Bug 1708187

Summary: CI Operator template e2e AWS could not determine if template instance was ready
Product: OpenShift Container Platform Reporter: lserven
Component: Test InfrastructureAssignee: Steve Kuznetsov <skuznets>
Status: CLOSED ERRATA QA Contact:
Severity: low Docs Contact:
Priority: low    
Version: 3.11.0CC: agreene, bparees, rmeggins, sponnaga, wking
Target Milestone: ---   
Target Release: 3.11.z   
Hardware: Unspecified   
OS: Unspecified   
Whiteboard: buildcop
Fixed In Version: Doc Type: If docs needed, set a value
Doc Text:
Story Points: ---
Clone Of: Environment:
Last Closed: 2019-06-26 09:08:09 UTC Type: Bug
Regression: --- Mount Type: ---
Documentation: --- CRM:
Verified Versions: Category: ---
oVirt Team: --- RHEL 7.3 requirements from Atomic Host:
Cloudforms Team: --- Target Upstream Version:
Embargoed:
Attachments:
Description Flags
Two time ranges where this lead to runs on origin batch jobs none

Description lserven 2019-05-09 10:50:38 UTC
Description of problem:

This morning for a given batch of PRs, the CI operator failed to run e2e-aws 22 times in a row, from https://prow.svc.ci.openshift.org/view/gcs/origin-ci-test/pr-logs/pull/batch/pull-ci-openshift-origin-master-e2e-aws/8576 - https://prow.svc.ci.openshift.org/view/gcs/origin-ci-test/pr-logs/pull/batch/pull-ci-openshift-origin-master-e2e-aws/8598.

This issue appears 38 times in the last week, and 0 times in the week before that.

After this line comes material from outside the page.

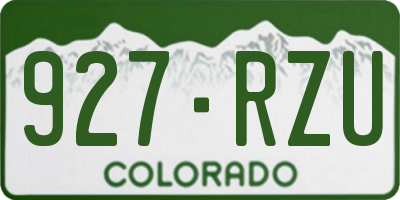 CO license plate 927RZU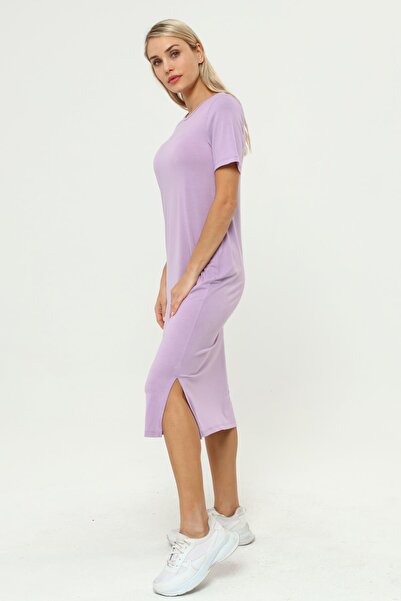 Miss Murem Slit Short Sleeve Dress-lilac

This could indicate that some flaky behavior was recently merged into CI Operator and deployed.

This failure occurs within the first ~2 minutes of the test run and produces the following logs:

error: could not run steps: step e2e-aws failed: could not wait for template instance to be ready: could not determine if template instance was ready: failed to create objects: rolebindings.authorization.openshift.io "e2e-aws-image-puller" already exists
rolebindings.authorization.openshift.io "e2e-aws-namespace-editors" already exists
pods "e2e-aws" already exists

Comment 1 Steve Kuznetsov 2019-05-09 14:58:20 UTC
Very interesting. We have not had any merges to CI Operator in that time-frame, but we did upgrade the OpenShift masters to v3.11.0+e5dbec2-186 on May 2nd. What search tool are you using to find these failures? This is perhaps an issue with OpenShift.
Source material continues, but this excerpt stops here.